A refreshing Kharaharapriya by VV Subramaniam and team

VV Subramanian, VV Ravi and VVS Murari

VV Subramanian, VV Ravi and VVS Murari   | Photo Credit: The Hindu


The sancharas by the VVS trio conveyed the details of the raga in all its traditional glory

It was closest to ‘absolute music.’ There was vibrancy and variety in the concert by the Violin trio — V.V. Subramaniam, V.V. Ravi and V.V.S. Murari. The Kharaharapriya alapana proved the musical acumen of the trio. VVS commenced the alapana, followed by Murari and Ravi. The sancharas revealed subtle details of the raga with a rare freshness.

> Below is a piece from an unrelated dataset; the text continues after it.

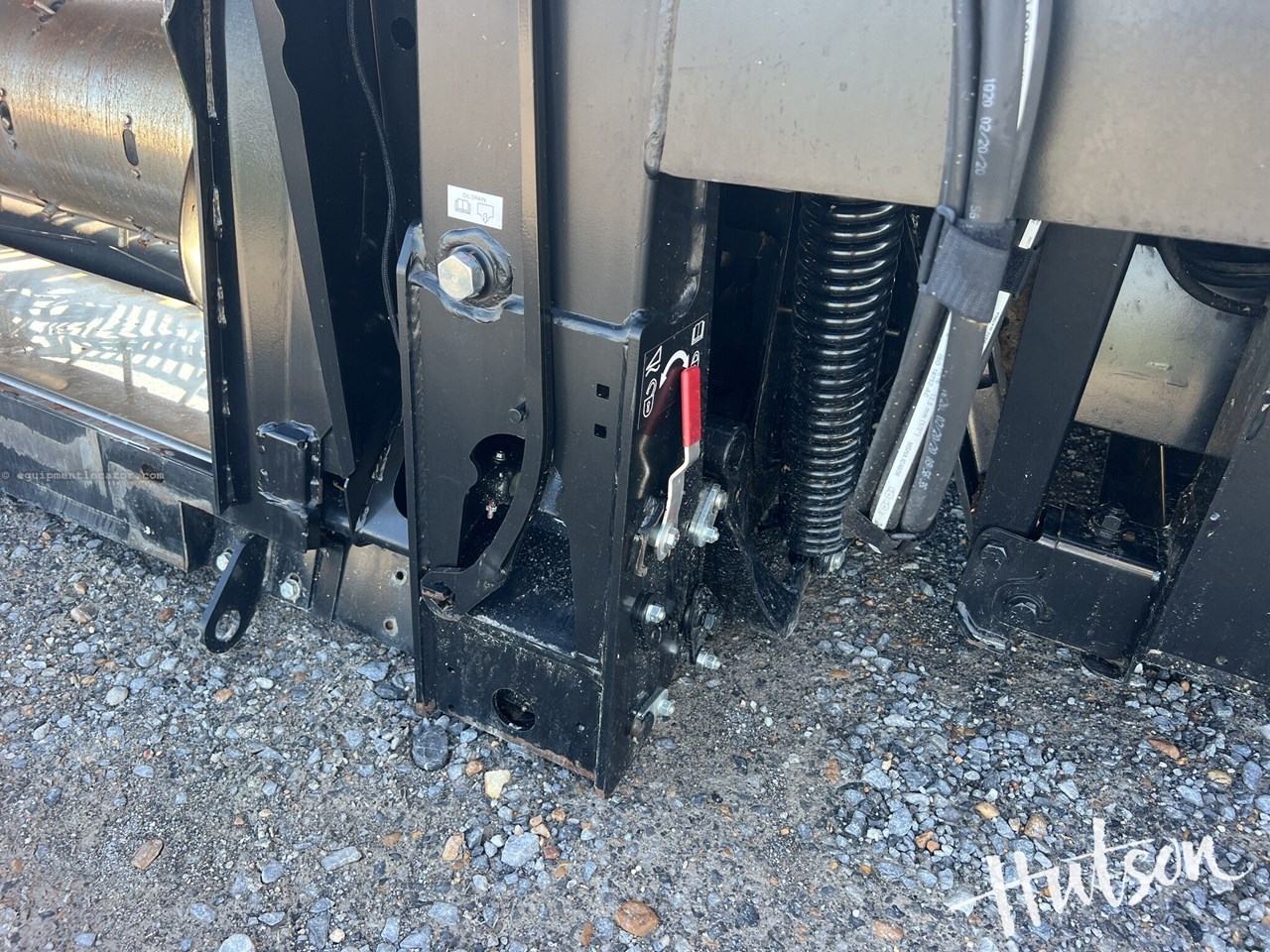 2021 MacDon FD135 Image 10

VVS commenced the tanam rather reluctantly, yielding to the wish of Murari and TVG. They brought the entire house to its feet with an exciting tanam, especially when a restive TVG joined in, in its closing passages. In Tyagaraja’s ‘Chakkani Raja,’ VVS brought forth his intellectual, technical and musical skills. He left a mark in each piece that he played. Sowkhyam ruled high in the swaraprastaras at ‘Kantiki Sundara,’ rendered by the trio taking turns.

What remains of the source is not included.